Former Treasury Secretary William E. Simon wrote this best-seller a year into the Carter administration, a year after voters rejected the Gerald Ford administration in which Simon played a key role, and some of it can be taken with a grain of salt for that reason. But the book (which I admittedly encountered in an 82-page paperback condensation produced by Reader's Digest in 1979) is packed with terrific libertarian observations - not surprisingly since it apparently was ghost-written by libertarian writer Edith Efron. And the amazing thing is the extent to which the book could have been written yesterday.
"... the reason for discussing economic issues is not to inspire a national passion for bookkeeping, but to inspire a national awareness of the connection between economic and political freedom. The connection is real and unbreakable. To lose one is to lose the other. In America we are losing both in the wake of the expanding state."
"... freedom is difficult to understand because it isn't a presence but an absence - an absence of governmental restraint" on the individual.
"The overriding principle (that needs) to be revived in American political life is that which sets individual liberty as the highest political value ... By the same token, there must be a conscious philosophical prejudice against any intervention by the state into our lives, for by definition such intervention abridges liberty."

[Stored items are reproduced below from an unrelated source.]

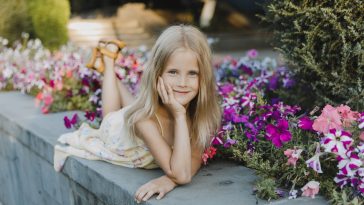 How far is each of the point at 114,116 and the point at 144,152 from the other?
0.55m

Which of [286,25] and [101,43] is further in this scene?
[101,43]

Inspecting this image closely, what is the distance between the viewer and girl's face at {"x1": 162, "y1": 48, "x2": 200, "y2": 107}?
95.7 inches

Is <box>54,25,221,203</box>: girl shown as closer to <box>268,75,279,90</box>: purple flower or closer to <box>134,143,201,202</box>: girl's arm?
<box>134,143,201,202</box>: girl's arm

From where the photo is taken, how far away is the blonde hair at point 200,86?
8.05 feet

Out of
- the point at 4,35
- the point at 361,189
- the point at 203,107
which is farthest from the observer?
the point at 4,35

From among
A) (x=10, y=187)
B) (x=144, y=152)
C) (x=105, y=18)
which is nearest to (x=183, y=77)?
(x=144, y=152)

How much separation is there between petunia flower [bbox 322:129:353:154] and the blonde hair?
2.44 feet

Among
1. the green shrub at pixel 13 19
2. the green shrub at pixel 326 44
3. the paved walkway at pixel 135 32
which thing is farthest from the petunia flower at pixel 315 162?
the paved walkway at pixel 135 32

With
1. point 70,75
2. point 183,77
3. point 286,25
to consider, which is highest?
point 286,25

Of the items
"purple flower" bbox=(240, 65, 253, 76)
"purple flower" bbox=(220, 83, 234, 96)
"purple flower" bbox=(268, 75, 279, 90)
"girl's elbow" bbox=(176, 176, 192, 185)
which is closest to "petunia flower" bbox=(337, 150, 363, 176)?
"girl's elbow" bbox=(176, 176, 192, 185)

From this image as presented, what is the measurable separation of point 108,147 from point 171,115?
19.1 inches

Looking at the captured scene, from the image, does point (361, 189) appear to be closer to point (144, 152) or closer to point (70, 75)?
point (144, 152)

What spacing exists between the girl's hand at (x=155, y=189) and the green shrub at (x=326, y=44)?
118cm

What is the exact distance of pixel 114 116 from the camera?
312cm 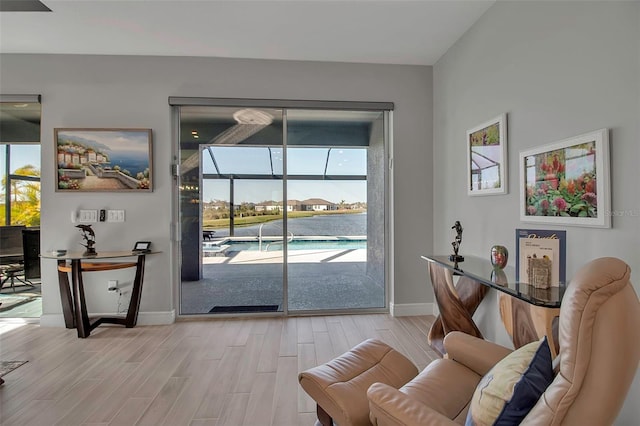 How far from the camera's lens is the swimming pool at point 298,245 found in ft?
12.2

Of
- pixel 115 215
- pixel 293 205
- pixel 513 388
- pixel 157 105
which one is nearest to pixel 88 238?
pixel 115 215

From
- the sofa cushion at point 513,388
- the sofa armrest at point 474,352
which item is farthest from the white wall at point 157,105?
the sofa cushion at point 513,388

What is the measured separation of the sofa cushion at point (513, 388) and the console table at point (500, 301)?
55 cm

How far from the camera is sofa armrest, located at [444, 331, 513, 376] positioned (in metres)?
1.57

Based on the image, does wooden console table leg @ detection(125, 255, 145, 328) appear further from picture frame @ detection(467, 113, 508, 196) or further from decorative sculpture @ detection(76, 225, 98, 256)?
picture frame @ detection(467, 113, 508, 196)

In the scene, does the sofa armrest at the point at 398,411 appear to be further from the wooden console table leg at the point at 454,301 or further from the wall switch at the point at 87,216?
the wall switch at the point at 87,216

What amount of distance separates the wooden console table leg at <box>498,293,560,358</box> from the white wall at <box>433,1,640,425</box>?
0.38m

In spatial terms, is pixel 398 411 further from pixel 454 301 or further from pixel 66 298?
pixel 66 298

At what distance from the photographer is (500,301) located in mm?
2189

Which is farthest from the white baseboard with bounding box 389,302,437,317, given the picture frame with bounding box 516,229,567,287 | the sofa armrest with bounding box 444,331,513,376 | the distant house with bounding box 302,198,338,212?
the sofa armrest with bounding box 444,331,513,376

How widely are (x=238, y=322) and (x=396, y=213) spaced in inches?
86.7

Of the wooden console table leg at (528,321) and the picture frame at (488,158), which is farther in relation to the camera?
the picture frame at (488,158)

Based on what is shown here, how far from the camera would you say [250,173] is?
3.65 metres

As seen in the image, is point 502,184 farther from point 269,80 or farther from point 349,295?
point 269,80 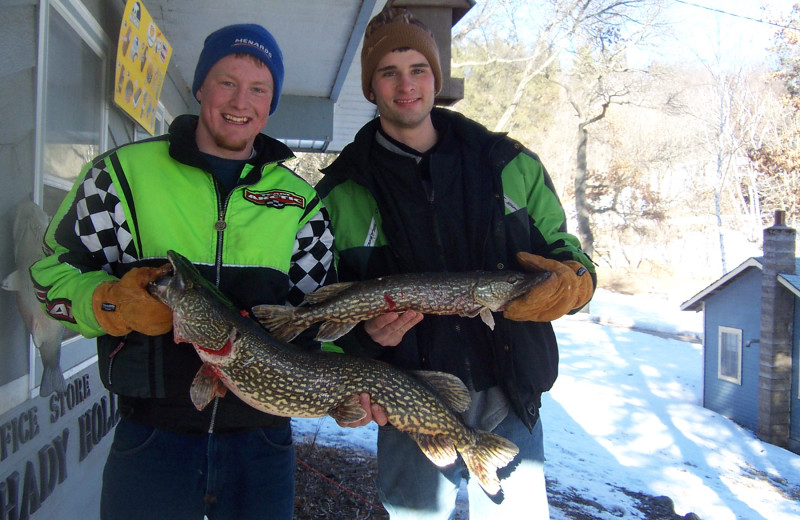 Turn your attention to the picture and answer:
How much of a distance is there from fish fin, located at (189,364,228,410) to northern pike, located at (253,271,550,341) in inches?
14.7

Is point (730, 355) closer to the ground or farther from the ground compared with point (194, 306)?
closer to the ground

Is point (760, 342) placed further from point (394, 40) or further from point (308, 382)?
point (308, 382)

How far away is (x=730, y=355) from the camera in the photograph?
41.4 ft

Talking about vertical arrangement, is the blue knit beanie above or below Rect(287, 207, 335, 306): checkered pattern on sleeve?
above

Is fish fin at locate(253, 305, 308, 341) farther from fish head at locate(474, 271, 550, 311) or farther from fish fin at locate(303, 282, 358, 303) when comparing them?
fish head at locate(474, 271, 550, 311)

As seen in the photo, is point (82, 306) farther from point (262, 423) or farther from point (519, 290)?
point (519, 290)

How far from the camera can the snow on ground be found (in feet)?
20.9

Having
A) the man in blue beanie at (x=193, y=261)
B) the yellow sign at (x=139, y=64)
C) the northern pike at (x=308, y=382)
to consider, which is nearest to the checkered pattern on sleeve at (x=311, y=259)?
the man in blue beanie at (x=193, y=261)

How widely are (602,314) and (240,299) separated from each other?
21.5 meters

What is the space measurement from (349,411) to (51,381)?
1.70m

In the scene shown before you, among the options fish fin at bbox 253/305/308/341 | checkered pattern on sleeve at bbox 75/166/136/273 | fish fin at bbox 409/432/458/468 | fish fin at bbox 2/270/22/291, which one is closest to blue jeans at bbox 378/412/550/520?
fish fin at bbox 409/432/458/468

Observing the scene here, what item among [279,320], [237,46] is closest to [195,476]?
[279,320]

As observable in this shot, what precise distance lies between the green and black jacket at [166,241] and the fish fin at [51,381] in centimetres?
95

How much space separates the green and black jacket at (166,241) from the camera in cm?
211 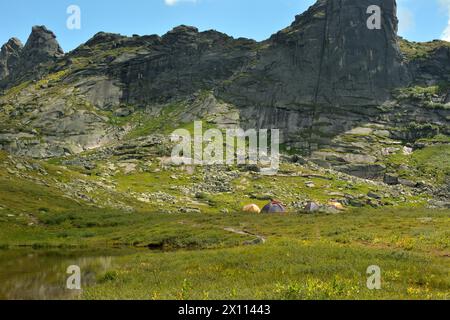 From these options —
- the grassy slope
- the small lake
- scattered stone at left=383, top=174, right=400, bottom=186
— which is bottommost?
scattered stone at left=383, top=174, right=400, bottom=186

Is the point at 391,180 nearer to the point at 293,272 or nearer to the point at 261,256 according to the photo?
the point at 261,256

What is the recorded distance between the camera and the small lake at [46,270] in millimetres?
24141

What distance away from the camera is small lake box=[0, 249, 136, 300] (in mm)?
24141

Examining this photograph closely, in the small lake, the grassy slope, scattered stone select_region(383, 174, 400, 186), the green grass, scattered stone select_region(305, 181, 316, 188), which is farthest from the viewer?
scattered stone select_region(383, 174, 400, 186)

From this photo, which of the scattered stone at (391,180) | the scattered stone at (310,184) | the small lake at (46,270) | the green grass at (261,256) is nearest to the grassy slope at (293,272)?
the green grass at (261,256)

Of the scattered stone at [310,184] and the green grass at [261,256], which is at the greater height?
the green grass at [261,256]

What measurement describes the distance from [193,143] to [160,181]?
41.1 meters

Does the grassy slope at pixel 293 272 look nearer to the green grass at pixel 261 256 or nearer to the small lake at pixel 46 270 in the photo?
the green grass at pixel 261 256

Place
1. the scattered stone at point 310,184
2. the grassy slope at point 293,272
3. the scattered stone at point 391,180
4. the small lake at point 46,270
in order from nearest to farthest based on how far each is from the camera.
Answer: the grassy slope at point 293,272, the small lake at point 46,270, the scattered stone at point 310,184, the scattered stone at point 391,180

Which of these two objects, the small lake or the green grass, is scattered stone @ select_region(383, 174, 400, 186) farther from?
the small lake

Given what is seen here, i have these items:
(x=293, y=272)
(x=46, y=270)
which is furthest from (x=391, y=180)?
(x=293, y=272)

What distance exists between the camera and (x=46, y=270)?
33156 mm

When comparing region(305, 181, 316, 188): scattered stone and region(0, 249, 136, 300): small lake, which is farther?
region(305, 181, 316, 188): scattered stone

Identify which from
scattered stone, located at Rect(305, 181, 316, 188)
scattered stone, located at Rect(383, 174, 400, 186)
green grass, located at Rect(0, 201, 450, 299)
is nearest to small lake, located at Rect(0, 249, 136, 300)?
green grass, located at Rect(0, 201, 450, 299) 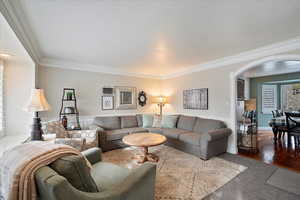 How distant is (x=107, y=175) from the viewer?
1609 millimetres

"The essence of dictatorship, if one understands that concept in principle, means that the state is using its police powers not to protect individual liberty, but to violate it."
Simon and Efron do a nice, concise job of presenting something that becomes increasingly clear as one dips into history - that Franklin Delano Roosevelt helped set the United States on the downward spiral.
"Political freedom means only one thing: freedom from the state. FDR, however, invented a new kind of 'freedom': a government guarantee of economic security and prosperity ... By this single ideological switch, FDR caused a flat reversal of the relationship between the individual and the state in America. The state ceased to be viewed as man's most dangerous enemy, to be shackled forever by constitutional chains. It was henceforth proclaimed to be the precise opposite; it became man's tenderhearted protector and provider. Statism and collectivism were brought into this country by the back door - and, ironically, were heralded thereafter as the saving of free enterprise."
I found myself thinking how much Abraham Lincoln and FDR are celebrated among our greatest presidents, even though Lincoln presided over the evisceration of the concept that America is a federation of independent states and Roosevelt set in motion a 70-year erosion of liberty that is increasing in speed year by year. I suspect it has something to do with how history is written by the victors - and at this stage in our nation's history, those who oppose states' rights and individual rights clearly have the upper hand. When the original concept of America is restored, Lincoln and FDR likely will be redefined as among our nation's greatest villains.
I don't know if the unabridged version of Simon's book is as compelling, but I'd heartily recommend you hunt this puppy down and devour it as I did this evening - oops, I guess I mean to say "last night." Simon, who died in 2000, and Efron, who died a year later, were clearly voices who need to be heeded forever.
Labels: book report
1 Comments:
Yeah, I read this back when it first came out (along with Robert Ringer's Restoring the American Dream). The unabridged version is also very compelling.